* **Brief**
What needs reproducing is the run of lines in the data below starting at the line with "Allegra K Women's" and ending at the line with "Russian High Polished", both ends included. Copy it exactly, without pictures, and add nothing.

* **Data for this exercise**

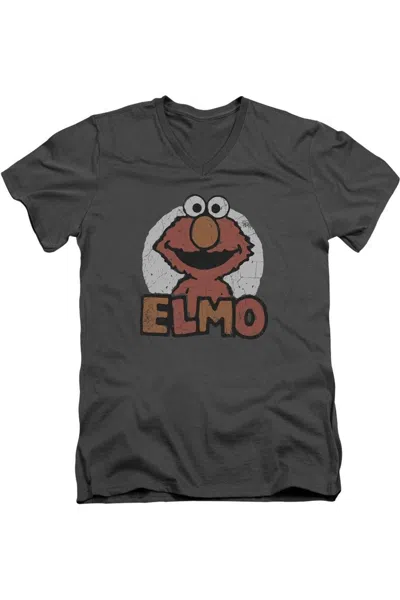 Gildan Sesame Street Elmo Name Short Sleeve Adult V Neck Premium Cotton Tee / T-shirt In Pink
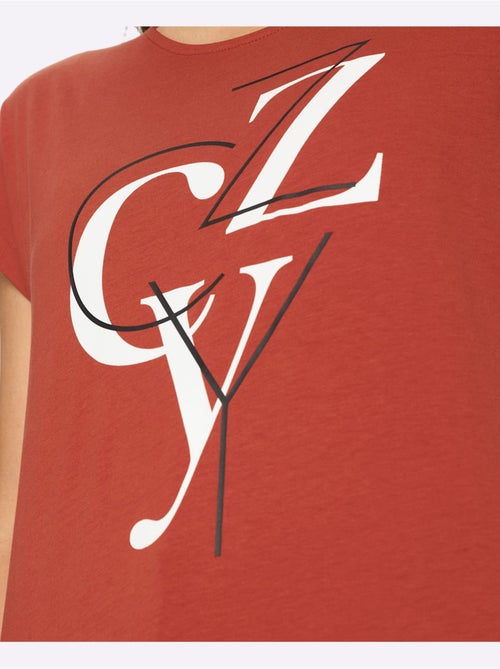 T-shirt à manches courtes avec imprimé lettrage et col rond - Taille standard - Moda Vilona - Kiabi T-shirt à manches courtes avec imprimé lettrage et col rond - Taille standard - Moda Vilona - Kiabi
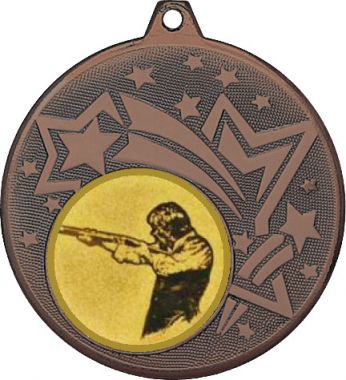 Медаль №587-1274 (Стрельба, диаметр 45 мм (Медаль цвет бронза плюс жетон для вклейки) Место для вставок: обратная сторона диаметр 40 мм)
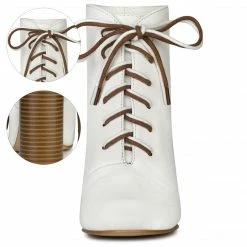 Allegra K Women's Round Toe Lace Up Chunky Heels Ankle Booties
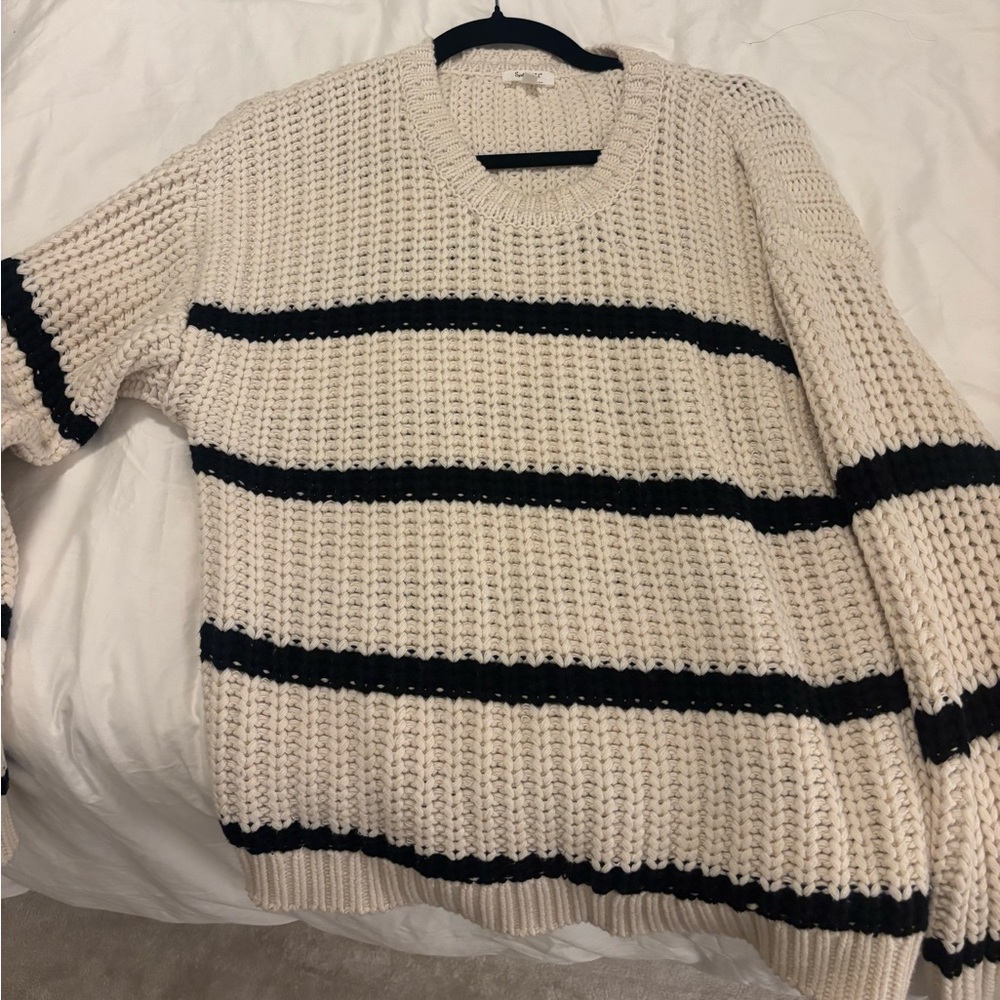 Striped Knit Sweater in Cream and Black
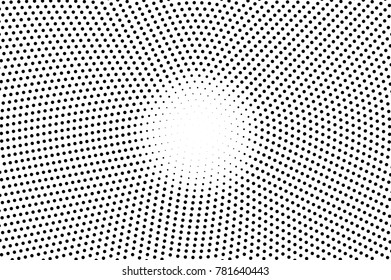 Black and white dotted halftone. Half tone vector background. White center circle dotted gradient. Abstract monochrome template. Black ink dots on transparent backdrop. Pop art retro design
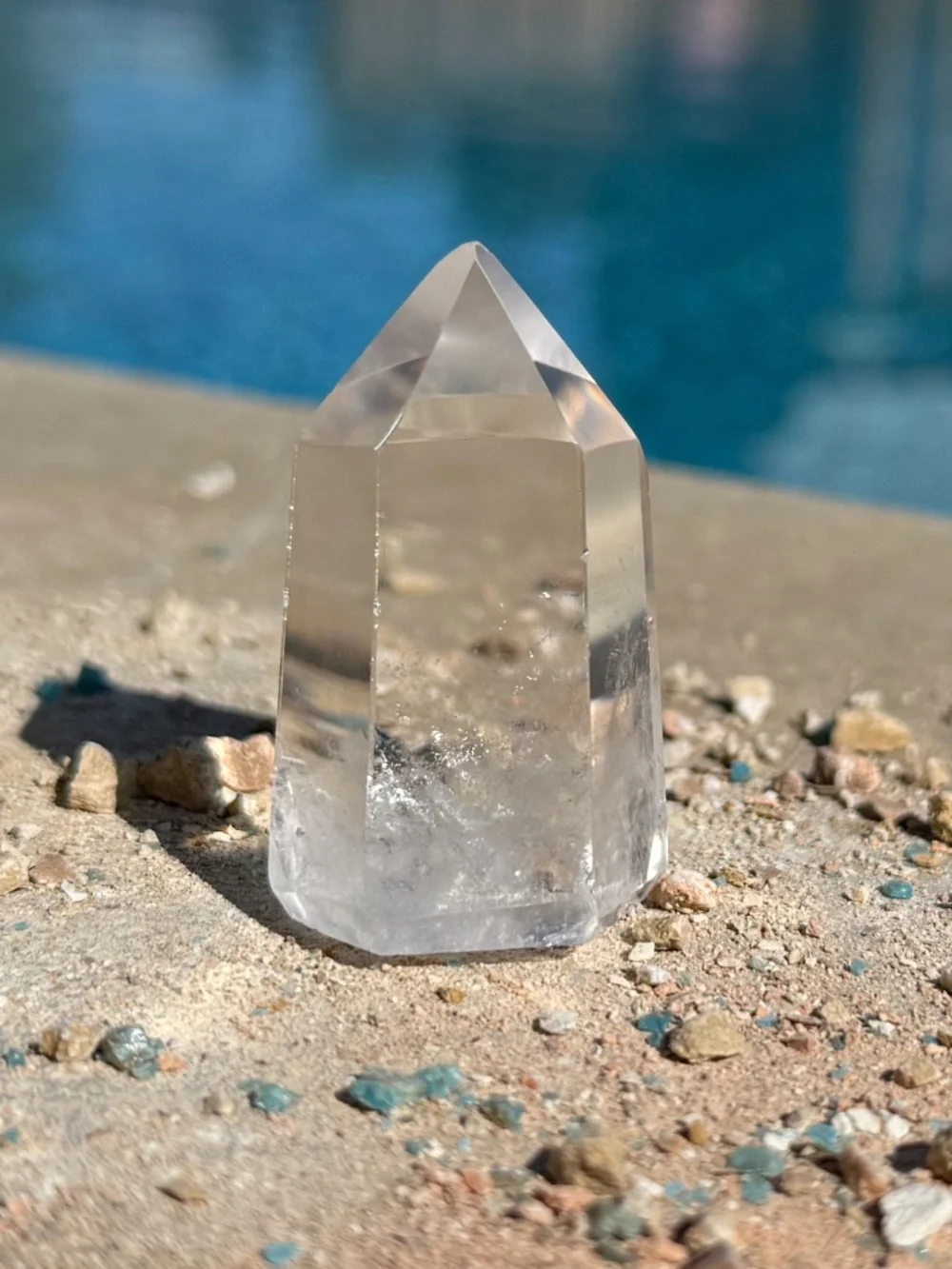 Russian High Polished Clear Quartz Tower Point Crystal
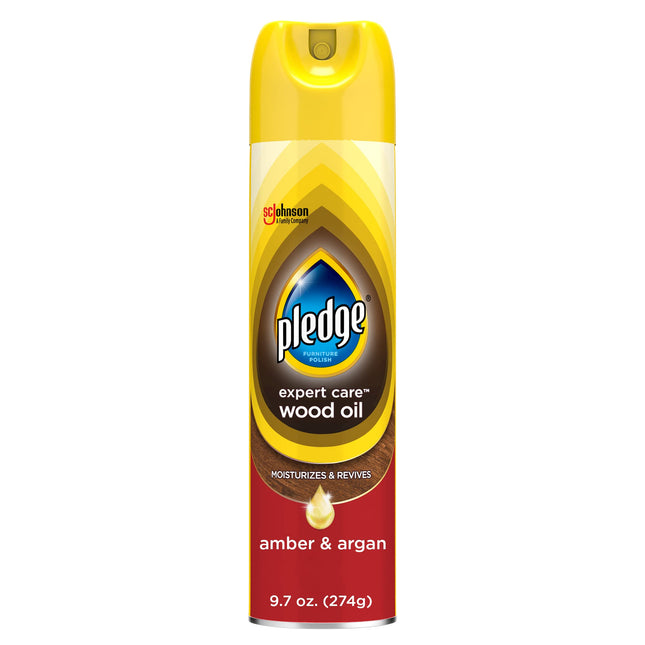 Pledge Moisturizing Wood Oil, Furniture Reviving Spray, Amber & Argan Scent, 9.7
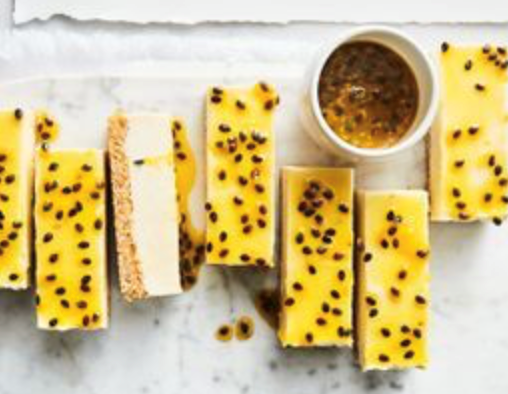 Passionfruit cheesecake slice bars
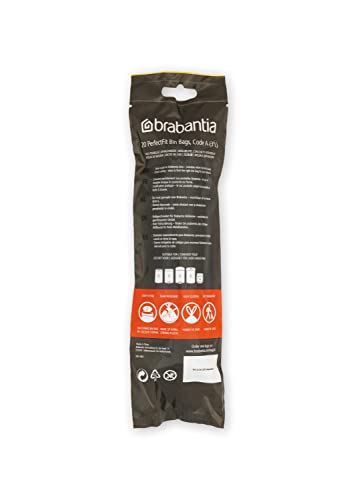 Brabantia PerfectFit Bin Liners - 3 Litre Size A, Tear-Resistant Plastic Bags with Tie Tape, 200 Count, White 3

* **The completed task**
 Allegra K Women's Round Toe Lace Up Chunky Heels Ankle Booties
 Striped Knit Sweater in Cream and Black
 Black and white dotted halftone. Half tone vector background. White center circle dotted gradient. Abstract monochrome template. Black ink dots on transparent backdrop. Pop art retro design
 Russian High Polished Clear Quartz Tower Point Crystal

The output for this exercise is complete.